Requirement: Return the lines of the data below, from the one containing "So this is how" through the very last, exactly and with both ends included; no pictures.

*** Opening of Data records ***

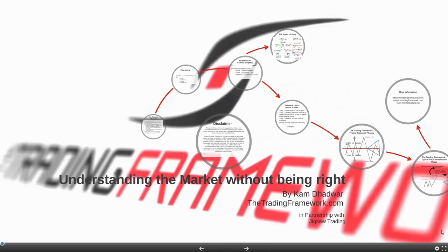Many traders look for a result or outcome to define whether they did it right. If a trade doesn't work out they think they were wrong; if it works out they think they were right. But if you take a trade outside of your plan and get paid for it, that's a bigger mistake than trading your plan and not getting paid — because you're being rewarded for making mistakes. It's important to have the right mindset and disassociate from results. No other business calls itself a loser because it didn't make money on one day. Trading is a business — treat it as one.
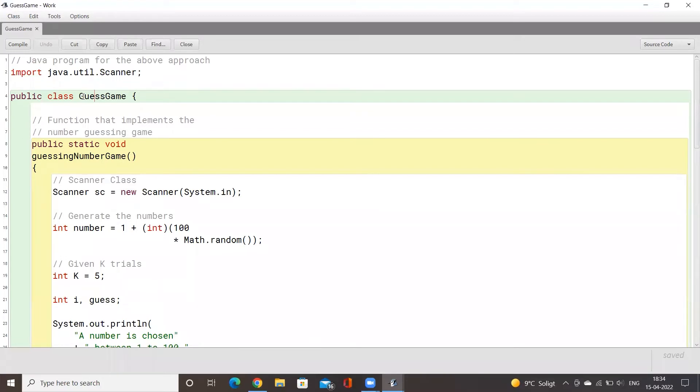For example, the hints that we will be using in this program is if you enter a number and if the number that you had entered is more or less than the number that the computer has guessed, it will tell you that the number is more or the number is less so you can guess accordingly and come closer to the actual number with every guess.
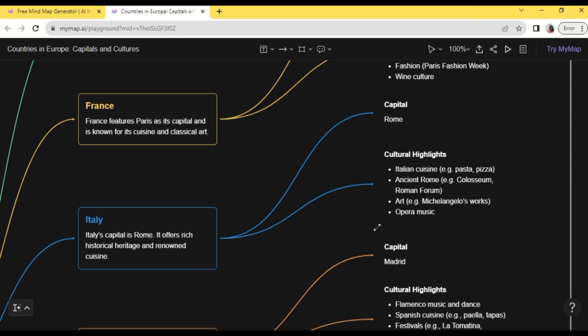Okay, so there you go guys. This is how to use AI mind map generator. If you found this video helpful, please give us a thumbs up and subscribe for more videos. Bye!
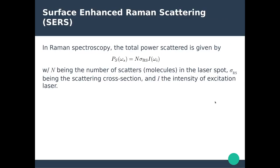Surface enhanced Raman spectroscopy is a different version of Raman spectroscopy. In regular Raman spectroscopy, the total scattered power is given by the number of scatterers (molecules), the Raman scattering cross-section — which depends on the type of molecule, similar to the scattering cross-section for gold nanoparticles introduced in Chapter 9 — and how much incident light you send to excite the molecules.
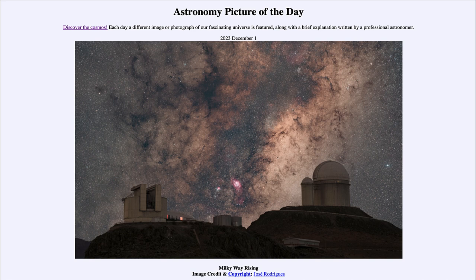Some of the telescopes here, including the one on the left, is the New Technology Telescope. This is one that actually started the idea of what we call active optics, and that means that the telescope mirror becomes deformed. Normally and in the past you'd want the telescope mirror ground to very precise specifications, extremely smooth.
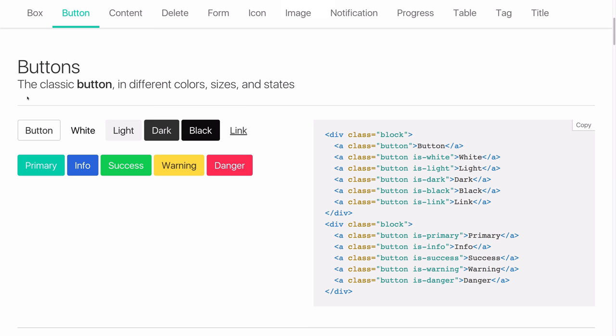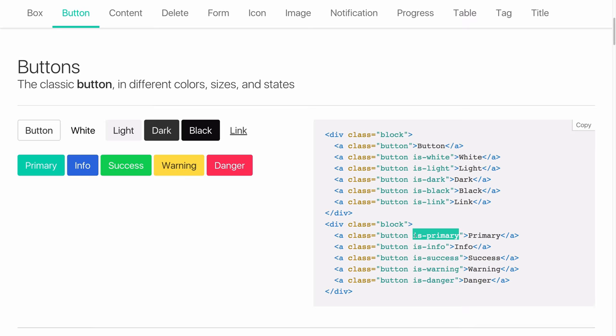So let's jump over to the Bulma docs and see what the differences are. It's also a primary button and a danger button and an info button but it looks like this base class is the word button, not btn. And those specifiers are prefixed with is instead of btn.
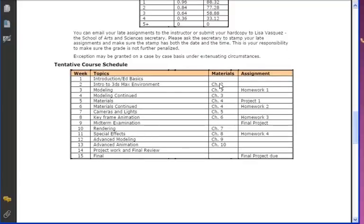The course schedule by week: Week 1 covers the introduction and 3ds Max basics and environment setup. Week 2 starts working inside the 3ds Max environment, then we move on to modeling for a couple of weeks, then materials, then cameras and lights, and then keyframe animation — at which point we think about the midterm. After the midterm we cover rendering, then special effects, then advanced animation and advanced modeling, and the final week is for the final review or final project.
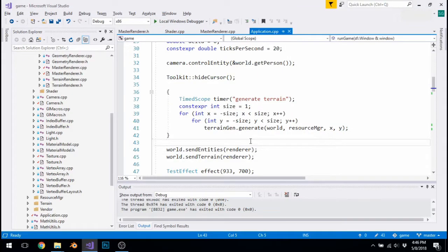Hello everybody, welcome to another episode of C++ Game Programming. This time I have a ton of awesome stuff to show you, so let's get straight into the video.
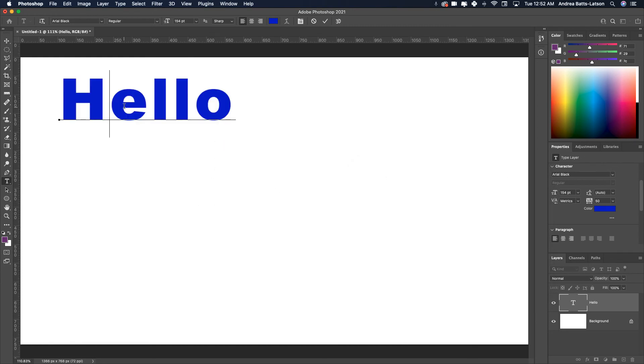So that's really the gist of how to change the size of your font.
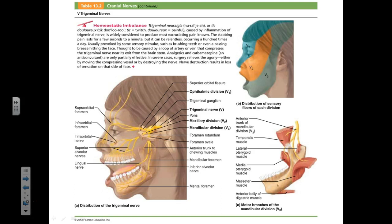A temporary paralysis of the trigeminal nerve happens with dental anesthesia. When upper teeth are being removed, anesthesia targets the maxillary branch; for lower jaw teeth, it targets the mandibular branch. The location of pain in trigeminal neuralgia corresponds to which branch is affected — ophthalmic is uppermost, mandibular is lowest.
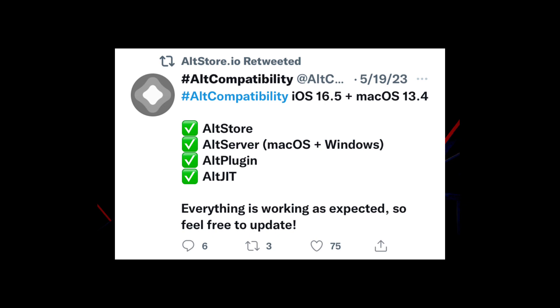That's all the information we have for today. Thank you for watching, and don't forget to subscribe to our channel for more updates on Alt Store and other exciting news. Until next time, take care and happy app distribution.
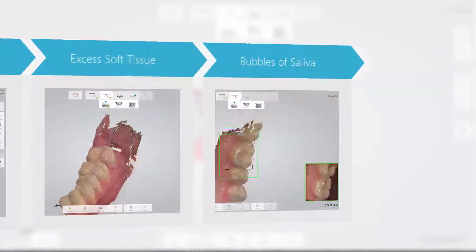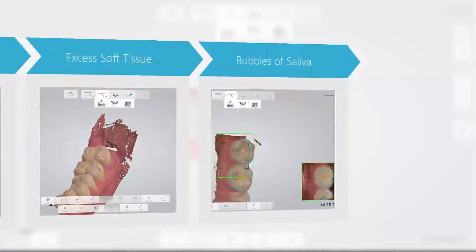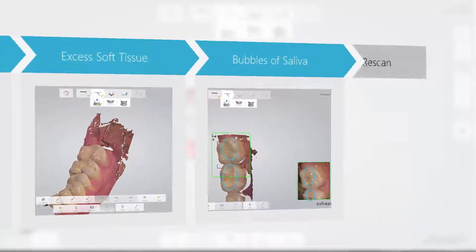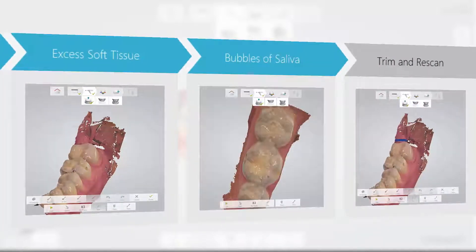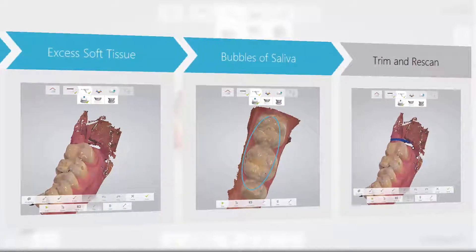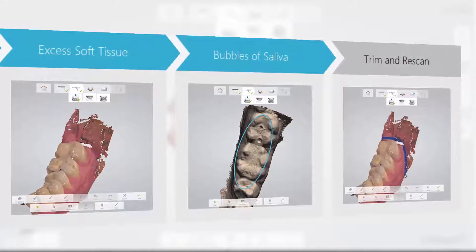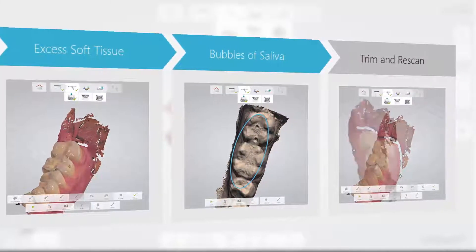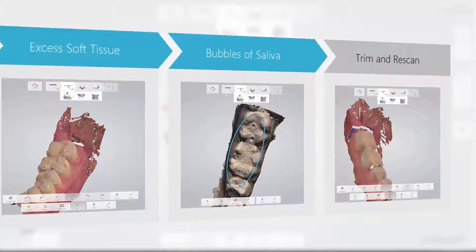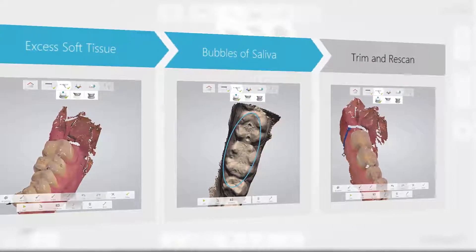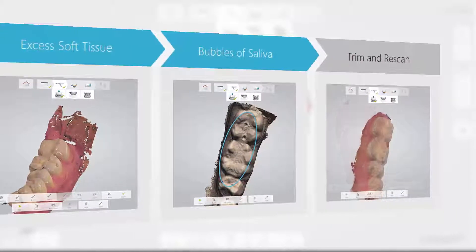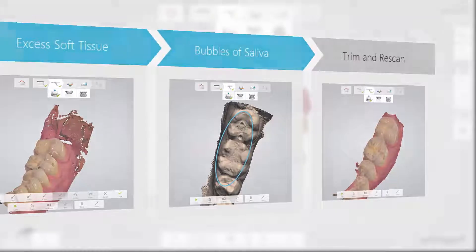Fourth, if you accidentally scan one or more of these artifacts onto the teeth, simply trim away the artifact and re-scan that area.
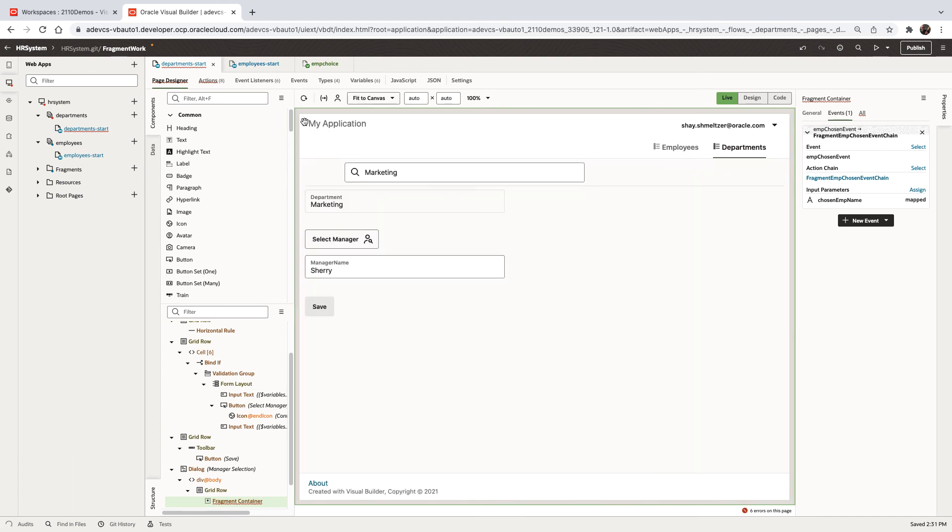So this is how we created a single fragment that is used in multiple pages. Passing parameters in and passing parameters out.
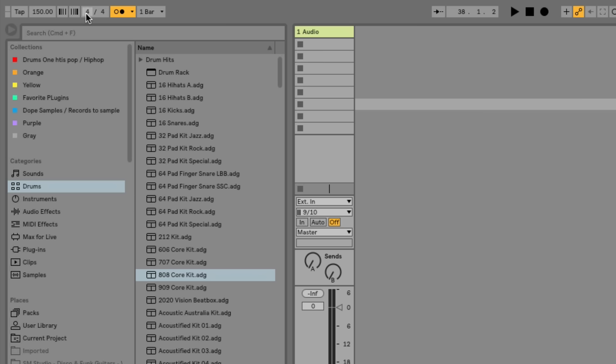I'll turn the metronome on so you can hear the beat. I'll click and hold the nudge down button and let go, and it'll snap right back to 150. Same thing with the nudge up. It's a really quick way to nudge up and down the tempo without actually changing the global tempo — pretty useful for live performances. Next you have your time signature, which you can set to whichever time signature you'd like to work in. And right next to that is the metronome, which lets us know the beat we're keeping.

*** Close of Data records ***

Solution to this exercise:
So this is how we created a single fragment that is used in multiple pages. Passing parameters in and passing parameters out.
I'll turn the metronome on so you can hear the beat. I'll click and hold the nudge down button and let go, and it'll snap right back to 150. Same thing with the nudge up. It's a really quick way to nudge up and down the tempo without actually changing the global tempo — pretty useful for live performances. Next you have your time signature, which you can set to whichever time signature you'd like to work in. And right next to that is the metronome, which lets us know the beat we're keeping.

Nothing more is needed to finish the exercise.